Streep, Hanks, Spielberg discuss new journalism film, ‘The Post’

Justin Jones

Three of Hollywood’s most powerful individuals are collaborating on one superfilm. Meryl Streep and Tom Hanks star in Steven Spielberg’s “The Post,” a movie about The Washington Post during the public leaks of the Pentagon Papers in the early ‘70s.

The extremely relevant film drives home the need for a free press — something we tend to agree with — and delivers Oscar-worthy performances from Streep and Hanks, two of Hollywood’s best. Along with other student newspapers across the U.S., The Daily Texan spoke with the three filmmakers via Skype, learning more details behind the making and power of “The Post.”

The Daily Texan: How important was it to y’all to include such an inspiring, powerful female role, especially in today’s society, that a powerful woman would help to shed light on
powerful men?

Meryl Streep: Well, I would like the fellas to talk about this.

Steven Spielberg: Well, I think that the script was written by a 31-year-old woman named Liz Hannah, who had never sold a script before. She wrote this on spec. Sold it to Amy Pascal, who sold it to 20th Century Fox, who gave me the script and then we invited Tom and Meryl into the partnership.

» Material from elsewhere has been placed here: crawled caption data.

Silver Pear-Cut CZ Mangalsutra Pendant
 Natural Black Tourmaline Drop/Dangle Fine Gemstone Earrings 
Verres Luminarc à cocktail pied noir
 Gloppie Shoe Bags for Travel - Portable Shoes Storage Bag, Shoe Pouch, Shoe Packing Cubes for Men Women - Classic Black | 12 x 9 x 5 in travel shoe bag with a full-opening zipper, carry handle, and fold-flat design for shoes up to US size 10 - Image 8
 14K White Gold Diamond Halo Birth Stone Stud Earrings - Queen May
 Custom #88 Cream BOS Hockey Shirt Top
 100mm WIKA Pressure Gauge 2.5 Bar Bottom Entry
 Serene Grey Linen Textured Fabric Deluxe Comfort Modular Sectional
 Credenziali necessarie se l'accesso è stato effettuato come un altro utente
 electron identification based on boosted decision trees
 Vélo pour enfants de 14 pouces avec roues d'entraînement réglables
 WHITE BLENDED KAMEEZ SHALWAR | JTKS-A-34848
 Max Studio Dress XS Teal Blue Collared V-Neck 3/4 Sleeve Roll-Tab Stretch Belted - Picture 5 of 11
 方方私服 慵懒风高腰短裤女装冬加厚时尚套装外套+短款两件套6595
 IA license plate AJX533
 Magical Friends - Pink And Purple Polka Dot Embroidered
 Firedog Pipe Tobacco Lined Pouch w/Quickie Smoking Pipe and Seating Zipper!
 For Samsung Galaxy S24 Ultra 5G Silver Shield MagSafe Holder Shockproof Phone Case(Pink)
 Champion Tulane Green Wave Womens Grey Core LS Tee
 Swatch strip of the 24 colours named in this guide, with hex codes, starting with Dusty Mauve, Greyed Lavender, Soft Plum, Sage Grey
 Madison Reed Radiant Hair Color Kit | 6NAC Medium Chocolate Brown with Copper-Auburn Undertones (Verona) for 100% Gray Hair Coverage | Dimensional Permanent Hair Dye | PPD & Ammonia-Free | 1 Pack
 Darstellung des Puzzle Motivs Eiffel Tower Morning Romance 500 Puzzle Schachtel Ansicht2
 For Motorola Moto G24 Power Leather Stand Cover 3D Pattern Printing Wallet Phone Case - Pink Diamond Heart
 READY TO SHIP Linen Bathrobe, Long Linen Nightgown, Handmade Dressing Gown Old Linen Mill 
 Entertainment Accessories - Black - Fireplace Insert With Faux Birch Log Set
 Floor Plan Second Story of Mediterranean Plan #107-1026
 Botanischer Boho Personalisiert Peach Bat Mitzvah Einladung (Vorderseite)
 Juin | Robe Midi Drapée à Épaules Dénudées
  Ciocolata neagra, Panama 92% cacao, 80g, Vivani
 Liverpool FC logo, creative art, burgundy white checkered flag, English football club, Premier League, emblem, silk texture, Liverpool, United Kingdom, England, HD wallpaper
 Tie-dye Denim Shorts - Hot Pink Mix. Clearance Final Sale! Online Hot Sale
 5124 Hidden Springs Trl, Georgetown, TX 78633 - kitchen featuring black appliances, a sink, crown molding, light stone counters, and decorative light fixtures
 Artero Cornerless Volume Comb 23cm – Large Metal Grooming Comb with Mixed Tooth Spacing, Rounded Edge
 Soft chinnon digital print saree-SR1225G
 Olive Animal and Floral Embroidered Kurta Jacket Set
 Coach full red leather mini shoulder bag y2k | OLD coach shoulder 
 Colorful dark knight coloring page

MS: Stacey Snider, who’s also…

SS: And Stacey Snider who’s also the head of Fox, was the one who got me the script with Amy Pascal. And the important thing about all of this was, this is a very women set up. I got two women producers on this, I got Kristie Macosko Krieger, I got Amy Pascal.

You know, this is a very women-centric story, this is my second movie about feminism. My first being “The Color Purple,” and that was 1985. That’s a long time between feminist statements, but I was raised by a powerful, strong mom and a great dad. I had great women in my life, three of whom ran my film company for 30 years, and Laurie MacDonald and Kathleen Kennedy and then Stacey Snider. And I am much more comfortable in the company of women and I always have been, so this was for me a no-brainer to jump headfirst into the story.

Later in the interview, The Daily Californian writer Arjun Sarup asked Hanks and Streep about the process of working together.

The Daily Californian: Mr. Hanks, you said that with Mrs. Streep that you’re working with somebody who is not trying to railroad you into a specific moment, she’s trying to find the moment along with you. Could you guys elaborate on that and what is was like working together?

Tom Hanks: Well I think making a movie a lot of times is a hot house atmosphere, where you have a limited amount of time in order to put across your ideas and your agenda for your performance. I think we have both worked on a couple projects and I know I have on occasion myself not really been paying too much attention to what the other person was saying to me in a scene because I was so busy trying to gage out how I was going to deliver what I thought were my beats, that were specific to my character.

At the end of the interview, Steven Spielberg had a message for journalism majors at UT and beyond.

“You journalists, stick with journalism,” Spielberg said. “We need you!”